┌────────

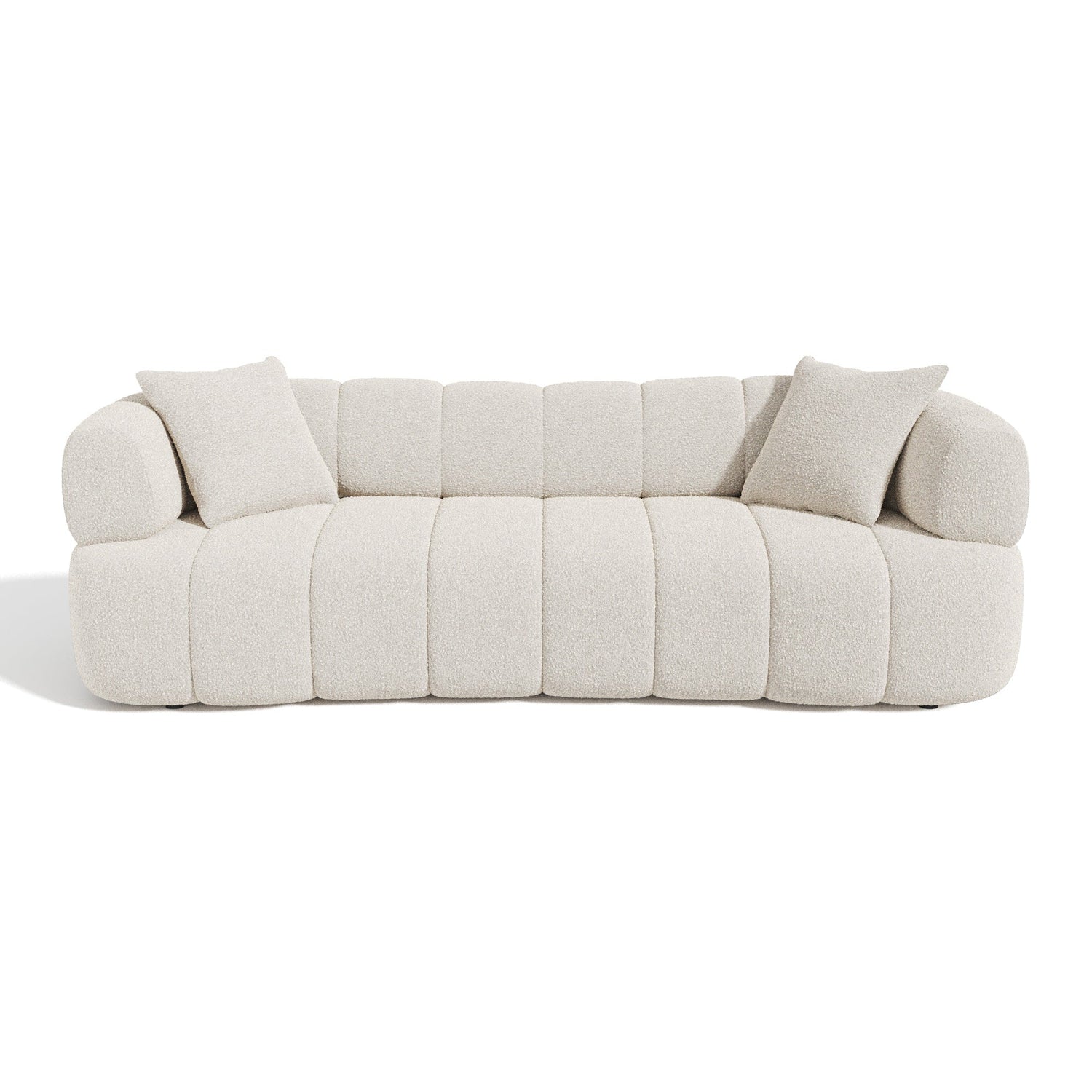 4-zitsbank in crèmekleurige badstof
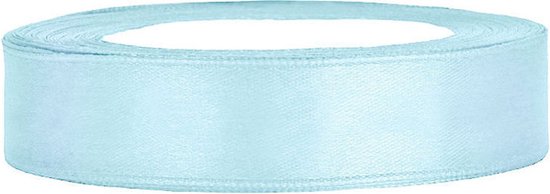 Ruban satin bleu clair 12mm / rouleau 25m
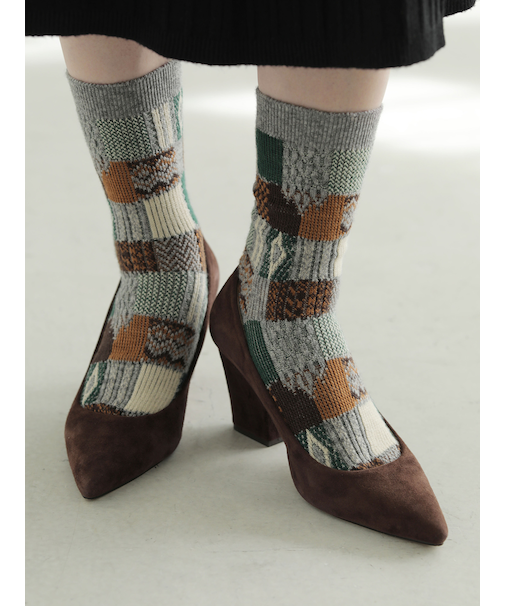 パッチワーク柄ソックス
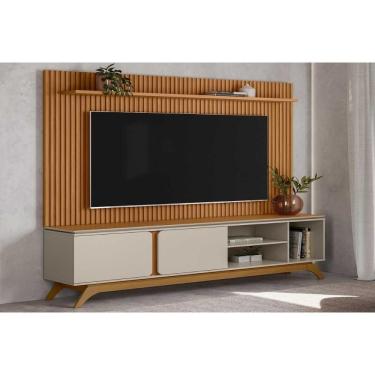 Imagem de Home P/ Tv Até 75 Pol Istambul/genova 2 Pta 1 Prat C/ Pés 200x194cm Nature/off White - Linea Brasil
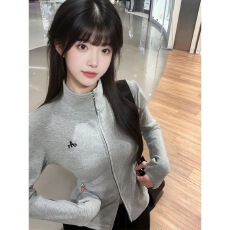 半高领双拉链长袖t恤女秋季修身显瘦百搭上衣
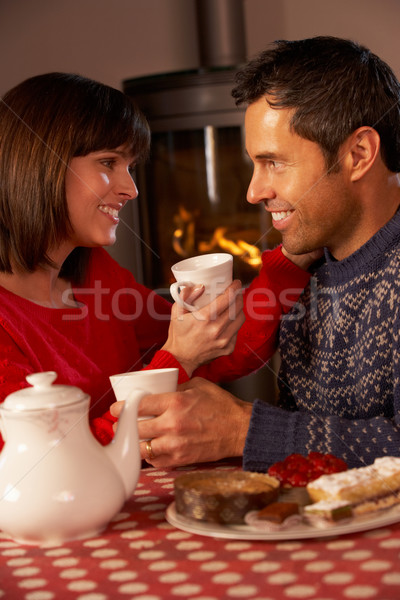 Stockfoto: Paar · genieten · thee · cake · gezellig · brand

└────────

## ACTIVITY
Everything from the line that contains "パッチワーク柄ソックス" through the final line of the material should be returned exactly, except the pictures.

## TASK RESULT
 パッチワーク柄ソックス
 Imagem de Home P/ Tv Até 75 Pol Istambul/genova 2 Pta 1 Prat C/ Pés 200x194cm Nature/off White - Linea Brasil
 半高领双拉链长袖t恤女秋季修身显瘦百搭上衣
 Stockfoto: Paar · genieten · thee · cake · gezellig · brand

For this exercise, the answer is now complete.